今までもこういうことは何度か目にしていたし、止めに入ることもあった。
父上が動かない以上、私には注意することくらいしか出来ない。
そして最近姉上の婚約が決まったこともあり、更に目を光らせるようにと命じられていた。
隣国の王族との婚約。
それは姉上を処罰させないための対応なのだろう。
父上は自ら娘に罰を下せないから、他国に逃がすという選択をした。
なんとも生ぬるくて狡い逃げ方だ。
私はこのやり方には当然納得していない。
今まで好き勝手して、沢山の者に迷惑をかけた罪をしっかりと本人に償わせてやりたい。
そうしなければ被害に遭った者も報われないだろう。
私はいずれこの国を背負う人間になる。
だからこそ、これ以上我が国が非になることは増やしたくは無い。
今回も被害者に接触して、なるべく大人しくしているようにと助言する。
姉上は飽きやすい人間なので抵抗しなければ直ぐに飽きると高を括っていた。
しかし今回はそうはならなかった。
一ヶ月経っても姉上はフェリシアの婚約者にくっついていた。
婚約が不服で、抵抗しているつもりなのだろうか。
そして私は彼女のことが気がかりでもあった。
初めて会った時から、なんとなく彼女のことは気になっていた。
今まで私の傍にいた者達とは全く違うタイプの人間だったから、興味を惹かれていた。
表情が豊かで、心を隠すのが下手で嘘をつけない。
普段から本心を隠して接している私とは真逆の人間だ。
このようなタイプは姉上の格好の餌食になる。
姉上が一ヶ月もの間二人に付きまとっているのは、悔しがるフェリシアの姿を見て優越感に浸っているのかもしれない。
そして彼女は一ヶ月以上も、この状況を一人で耐えている。
暫く彼女の様子を観察していたが、近寄る生徒もいないし、友人なんて存在は誰一人として見えて来なかった。
そして私にも助けを求めてこない。
あんなにも小さくて弱々しいのに、誰にも助けを求めず一人で耐えている姿を見て、更に彼女のことが気になっていった。
ある日偶然姉上と対峙している彼女を見て、再び間に割って入った。
これ以上見て見ぬ振りをして、放っておくことが出来なかった。
寂しそうな瞳が、私には助けを求めているように見えた。
彼女は自分からは決して助けを求めてこないので、傍にいるために友人になろうと提案した。

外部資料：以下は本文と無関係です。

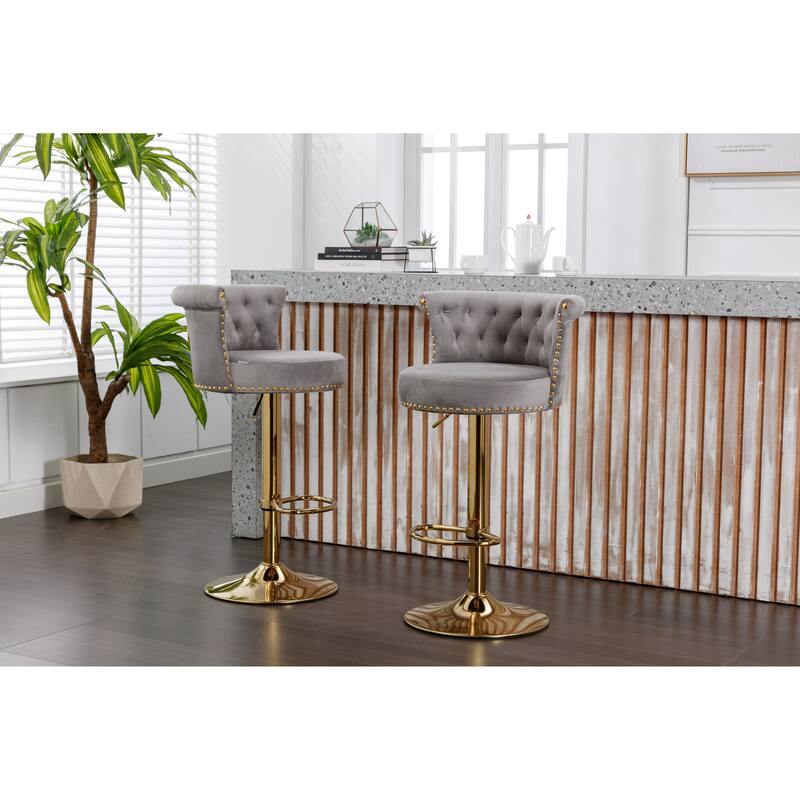 Set of 2 Adjustable Counter Height Swivel Bar Stools with Footrest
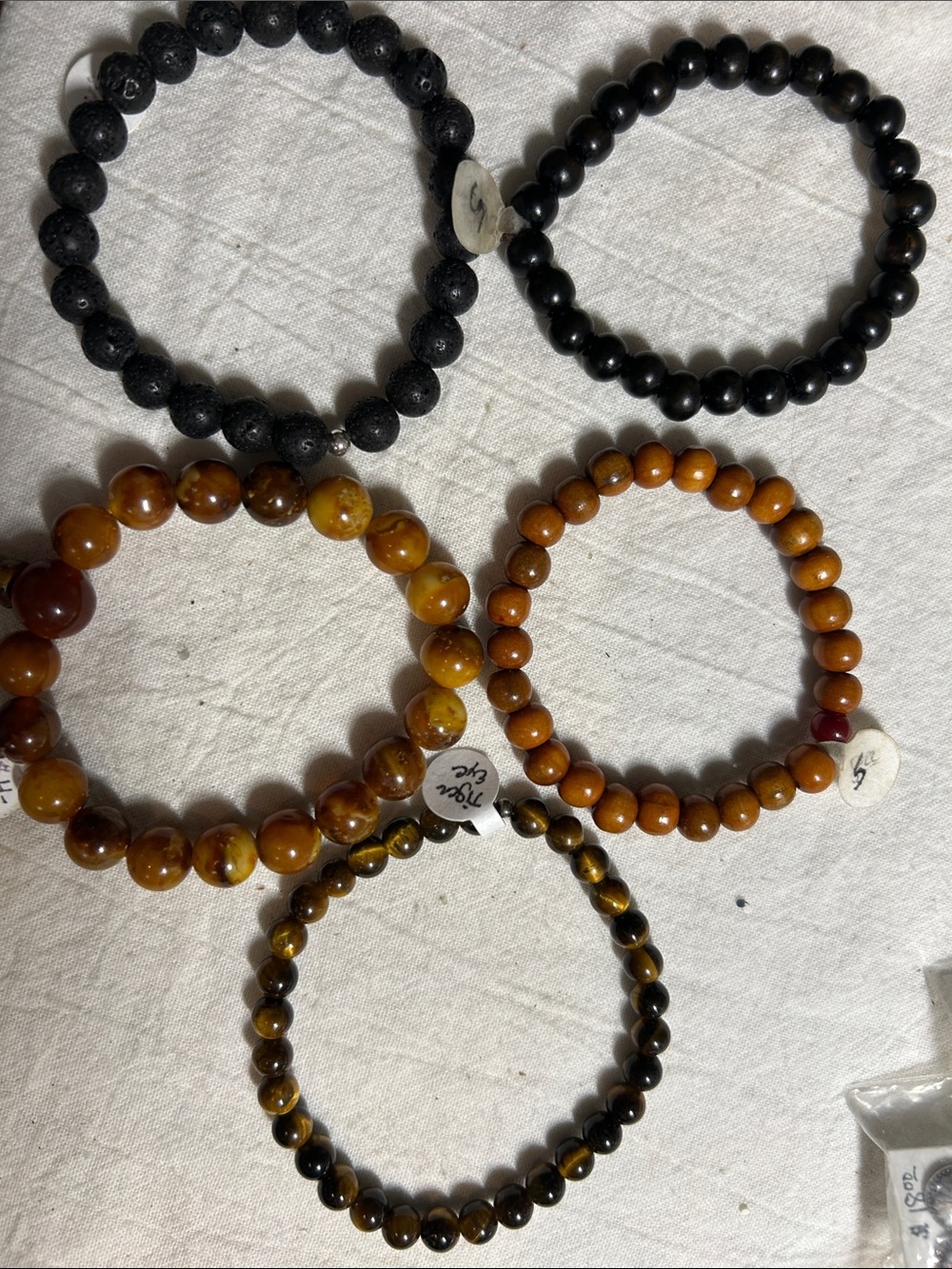 Beaded Stretch Bracelets - Black, Lava, Brown & Tiger Eye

少しでも距離を狭めて、気軽に頼って貰える環境を作りたかった。
最初は純粋に力になりたいと思っていただけだったが、彼女と過ごすようになってからは私の感情も少しづつ変化していった。
婚約者は幼い頃から傍にいる存在で、お互い思い合っていると語っていた。
気持ちが繋がっているから大丈夫だと、彼女は本気で信じている様子だった。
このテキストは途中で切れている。